Lojbob has a working sentence parser, but he never did release it
(that I'm aware of). I have a copy on my server, and I'll give the URL
if it's alright with him.

Chris Capel
--
"What is it like to be a bat? What is it like to bat a bee? What is it
like to be a bee being batted? What is it like to be a batted bee?"
-- The Mind's I (Hofstadter, Dennet)


To unsubscribe from this list, send mail to lojban-list-request@lojban.org
with the subject unsubscribe, or go to http://www.lojban.org/lsg2/, or if
you're really stuck, send mail to secretary@lojban.org for help.

posts: 953

On Mon, Nov 10, 2008 at 01:37:22PM -0500, Matt Arnold wrote:
> The reason I bring this up now is that I would like to find out which
> templates are the most common in the searchable corpus of Lojban
> utterances, such as IRC logs. This would suggest very useful templates
> for the home-game I'm building with dice, paper, and ceramics. I am
> considering recording audio learning courses in which I would group
> Lojban utterances (sensable ones) by template, to provide a variety of
> examples of simple valid sentence structures, and relate selma'o
> through substitution. Perhaps someone could intuit the most common and
> useful templates, if not search it with textfile processing.

With the help of #lojban, I've cobbled together a small collection of scripts that runs through the IRC logs and outputs the sequence of selma'o/word classes that are used.
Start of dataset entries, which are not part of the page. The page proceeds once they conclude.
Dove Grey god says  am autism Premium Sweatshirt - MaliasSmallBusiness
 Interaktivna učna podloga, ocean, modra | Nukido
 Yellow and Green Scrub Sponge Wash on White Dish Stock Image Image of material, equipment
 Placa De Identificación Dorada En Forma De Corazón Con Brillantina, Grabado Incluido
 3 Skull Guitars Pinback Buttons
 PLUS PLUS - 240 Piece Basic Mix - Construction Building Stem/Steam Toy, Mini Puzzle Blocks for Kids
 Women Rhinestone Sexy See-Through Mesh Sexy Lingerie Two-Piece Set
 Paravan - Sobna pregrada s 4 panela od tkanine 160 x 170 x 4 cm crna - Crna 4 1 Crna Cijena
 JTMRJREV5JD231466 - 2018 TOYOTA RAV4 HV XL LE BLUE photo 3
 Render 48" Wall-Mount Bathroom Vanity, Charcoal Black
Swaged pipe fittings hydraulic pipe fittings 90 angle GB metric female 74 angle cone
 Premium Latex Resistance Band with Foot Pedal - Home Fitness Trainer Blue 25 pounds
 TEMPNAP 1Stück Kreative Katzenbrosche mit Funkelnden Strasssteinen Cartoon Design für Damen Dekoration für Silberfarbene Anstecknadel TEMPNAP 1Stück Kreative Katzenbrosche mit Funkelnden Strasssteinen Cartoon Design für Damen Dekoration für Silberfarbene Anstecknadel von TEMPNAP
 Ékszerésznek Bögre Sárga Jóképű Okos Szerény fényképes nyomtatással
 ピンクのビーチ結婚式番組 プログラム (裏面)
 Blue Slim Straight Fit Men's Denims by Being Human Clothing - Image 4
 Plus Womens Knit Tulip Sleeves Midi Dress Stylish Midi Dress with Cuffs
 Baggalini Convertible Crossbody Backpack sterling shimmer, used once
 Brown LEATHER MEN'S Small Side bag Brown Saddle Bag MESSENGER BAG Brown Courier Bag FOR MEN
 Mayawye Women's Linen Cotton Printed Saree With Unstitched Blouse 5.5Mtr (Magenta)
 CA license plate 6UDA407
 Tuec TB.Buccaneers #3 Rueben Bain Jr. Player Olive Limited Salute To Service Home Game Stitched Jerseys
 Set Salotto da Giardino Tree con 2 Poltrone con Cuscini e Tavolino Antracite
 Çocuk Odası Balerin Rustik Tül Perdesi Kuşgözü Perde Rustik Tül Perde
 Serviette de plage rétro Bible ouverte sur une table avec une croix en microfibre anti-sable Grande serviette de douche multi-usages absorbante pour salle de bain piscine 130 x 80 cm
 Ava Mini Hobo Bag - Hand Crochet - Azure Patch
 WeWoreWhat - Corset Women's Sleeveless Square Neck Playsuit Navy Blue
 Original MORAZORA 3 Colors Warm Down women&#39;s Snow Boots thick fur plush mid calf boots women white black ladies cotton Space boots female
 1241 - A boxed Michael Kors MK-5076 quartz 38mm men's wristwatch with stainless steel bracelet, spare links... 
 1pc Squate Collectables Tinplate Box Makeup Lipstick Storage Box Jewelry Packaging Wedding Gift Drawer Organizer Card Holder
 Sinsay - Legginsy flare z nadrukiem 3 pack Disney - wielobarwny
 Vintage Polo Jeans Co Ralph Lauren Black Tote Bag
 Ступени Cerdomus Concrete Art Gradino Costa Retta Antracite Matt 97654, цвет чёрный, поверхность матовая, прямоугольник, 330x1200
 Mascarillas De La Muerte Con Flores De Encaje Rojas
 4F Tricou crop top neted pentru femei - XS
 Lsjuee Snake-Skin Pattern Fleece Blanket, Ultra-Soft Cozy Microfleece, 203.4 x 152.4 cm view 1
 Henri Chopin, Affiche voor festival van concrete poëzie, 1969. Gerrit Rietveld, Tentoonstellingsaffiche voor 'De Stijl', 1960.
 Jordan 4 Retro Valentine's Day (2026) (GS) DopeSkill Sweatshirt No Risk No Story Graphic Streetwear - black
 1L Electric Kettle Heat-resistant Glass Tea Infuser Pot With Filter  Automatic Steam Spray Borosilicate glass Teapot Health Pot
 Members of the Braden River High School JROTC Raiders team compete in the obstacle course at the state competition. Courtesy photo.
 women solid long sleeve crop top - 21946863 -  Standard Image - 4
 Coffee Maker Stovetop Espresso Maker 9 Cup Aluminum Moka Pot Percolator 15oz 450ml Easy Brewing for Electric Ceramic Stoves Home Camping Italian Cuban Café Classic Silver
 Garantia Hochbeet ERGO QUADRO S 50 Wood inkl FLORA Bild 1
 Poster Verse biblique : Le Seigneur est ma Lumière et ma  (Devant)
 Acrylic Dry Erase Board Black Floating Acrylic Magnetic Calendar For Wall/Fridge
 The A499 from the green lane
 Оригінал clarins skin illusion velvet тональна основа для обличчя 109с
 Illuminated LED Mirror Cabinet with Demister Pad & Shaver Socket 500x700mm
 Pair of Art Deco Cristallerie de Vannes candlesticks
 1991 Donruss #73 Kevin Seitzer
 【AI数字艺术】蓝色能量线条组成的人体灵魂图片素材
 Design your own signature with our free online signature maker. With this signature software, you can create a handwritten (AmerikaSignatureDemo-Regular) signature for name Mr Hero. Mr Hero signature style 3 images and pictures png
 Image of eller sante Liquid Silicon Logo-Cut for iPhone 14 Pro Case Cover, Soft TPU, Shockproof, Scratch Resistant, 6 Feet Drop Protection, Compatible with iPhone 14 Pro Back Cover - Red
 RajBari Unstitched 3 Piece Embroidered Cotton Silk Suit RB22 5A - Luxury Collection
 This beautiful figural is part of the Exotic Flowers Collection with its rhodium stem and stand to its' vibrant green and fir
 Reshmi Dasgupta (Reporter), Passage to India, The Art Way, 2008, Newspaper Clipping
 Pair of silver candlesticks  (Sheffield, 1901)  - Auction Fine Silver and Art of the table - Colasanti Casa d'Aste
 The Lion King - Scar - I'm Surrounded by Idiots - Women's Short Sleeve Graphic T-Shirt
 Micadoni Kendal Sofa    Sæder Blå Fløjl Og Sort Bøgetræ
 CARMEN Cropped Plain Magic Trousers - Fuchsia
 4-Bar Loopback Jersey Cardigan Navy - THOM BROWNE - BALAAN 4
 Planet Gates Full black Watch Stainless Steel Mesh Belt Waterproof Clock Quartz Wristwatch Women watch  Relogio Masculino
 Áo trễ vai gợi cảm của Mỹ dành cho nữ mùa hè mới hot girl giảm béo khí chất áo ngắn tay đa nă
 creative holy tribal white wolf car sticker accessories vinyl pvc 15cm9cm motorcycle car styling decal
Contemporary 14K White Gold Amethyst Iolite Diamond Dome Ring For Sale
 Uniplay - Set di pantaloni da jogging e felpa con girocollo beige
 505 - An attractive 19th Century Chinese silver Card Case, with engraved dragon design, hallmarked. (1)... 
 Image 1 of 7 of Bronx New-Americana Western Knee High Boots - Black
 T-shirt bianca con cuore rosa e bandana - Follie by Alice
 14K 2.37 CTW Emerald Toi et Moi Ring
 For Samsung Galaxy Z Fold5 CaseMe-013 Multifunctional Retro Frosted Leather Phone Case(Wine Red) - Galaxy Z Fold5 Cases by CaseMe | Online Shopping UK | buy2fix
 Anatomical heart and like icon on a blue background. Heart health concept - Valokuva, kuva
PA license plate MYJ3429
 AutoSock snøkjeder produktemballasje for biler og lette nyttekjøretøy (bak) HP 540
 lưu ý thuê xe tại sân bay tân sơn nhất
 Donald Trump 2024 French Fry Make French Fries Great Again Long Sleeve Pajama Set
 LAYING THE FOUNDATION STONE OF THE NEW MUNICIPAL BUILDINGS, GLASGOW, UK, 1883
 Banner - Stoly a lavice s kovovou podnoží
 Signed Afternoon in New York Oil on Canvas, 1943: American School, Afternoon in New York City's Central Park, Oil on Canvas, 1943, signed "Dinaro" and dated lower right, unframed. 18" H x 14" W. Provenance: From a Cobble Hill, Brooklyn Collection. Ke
It's taking very long to run — I don't expect it to complete in days — but here are the ten most frequent templates as of now (about 10% complete):

3191 COI
2071 COI cmene
1675 UI
1290 COI PA KOhA
564 gismu
415 UI CAI
363 KOhA gismu
337 PA
332 COI gismu
324 GOhA

No big surprises here.

--
Arnt Richard Johansen http://arj.nvg.org/
<Nixon> Etter revolusjonen har jeg ordnet meg slik at jeg får meg statue.
<Nixon> Har avtalt dette med nøkkelpersoner på venstresiden.
<Nixon> Som takk for min innsats.
<Nixon> Det blir en 150m høy statue i havnebassenget.
<Kre> skal du ha restaurant i hodet?


To unsubscribe from this list, send mail to lojban-list-request@lojban.org
with the subject unsubscribe, or go to http://www.lojban.org/lsg2/, or if
you're really stuck, send mail to secretary@lojban.org for help.

On Tue, Nov 11, 2008 at 4:57 AM, Arnt Richard Johansen <arj@nvg.org> wrote:
>
> It's taking very long to run — I don't expect it to complete in days — but here are the ten most frequent templates as of now (about 10% complete):
>
> 3191 COI
> 2071 COI cmene
> 1675 UI
> 1290 COI PA KOhA
> 564 gismu
> 415 UI CAI
> 363 KOhA gismu
> 337 PA
> 332 COI gismu
> 324 GOhA
>
> No big surprises here.

Single PA is a little bit surprising to me. Many answers to "how
many?" questions? Could they be infiltrated English "no"s? The rest
are all expected.

I'm not sure that generating anything but {coi ro do} out of COI PA
KOhA makes much sense though. Probably 100% of the template is made
with the same words. Similarly for some of the other templates.

mu'o mi'e xorxes


To unsubscribe from this list, send mail to lojban-list-request@lojban.org
with the subject unsubscribe, or go to http://www.lojban.org/lsg2/, or if
you're really stuck, send mail to secretary@lojban.org for help.

posts: 143
On Mon, Nov 10, 2008 at 17:49, Chris Capel <pdf23ds@gmail.com> wrote:

> Lojbob has a working sentence parser, but he never did release it
> (that I'm aware of). I have a copy on my server, and I'll give the URL
> if it's alright with him.

Ack. "Sentence parser"? I meant random sentence generator.

Chris Capel
--
"What is it like to be a bat? What is it like to bat a bee? What is it
like to be a bee being batted? What is it like to be a batted bee?"
-- The Mind's I (Hofstadter, Dennet)


To unsubscribe from this list, send mail to lojban-list-request@lojban.org
with the subject unsubscribe, or go to http://www.lojban.org/lsg2/, or if
you're really stuck, send mail to secretary@lojban.org for help.

posts: 953

On Tue, Nov 11, 2008 at 08:33:11AM -0300, Jorge Llambías wrote:
> On Tue, Nov 11, 2008 at 4:57 AM, Arnt Richard Johansen <arj@nvg.org> wrote:
> >
> > 337 PA
>
> Single PA is a little bit surprising to me. Many answers to "how
> many?" questions? Could they be infiltrated English "no"s?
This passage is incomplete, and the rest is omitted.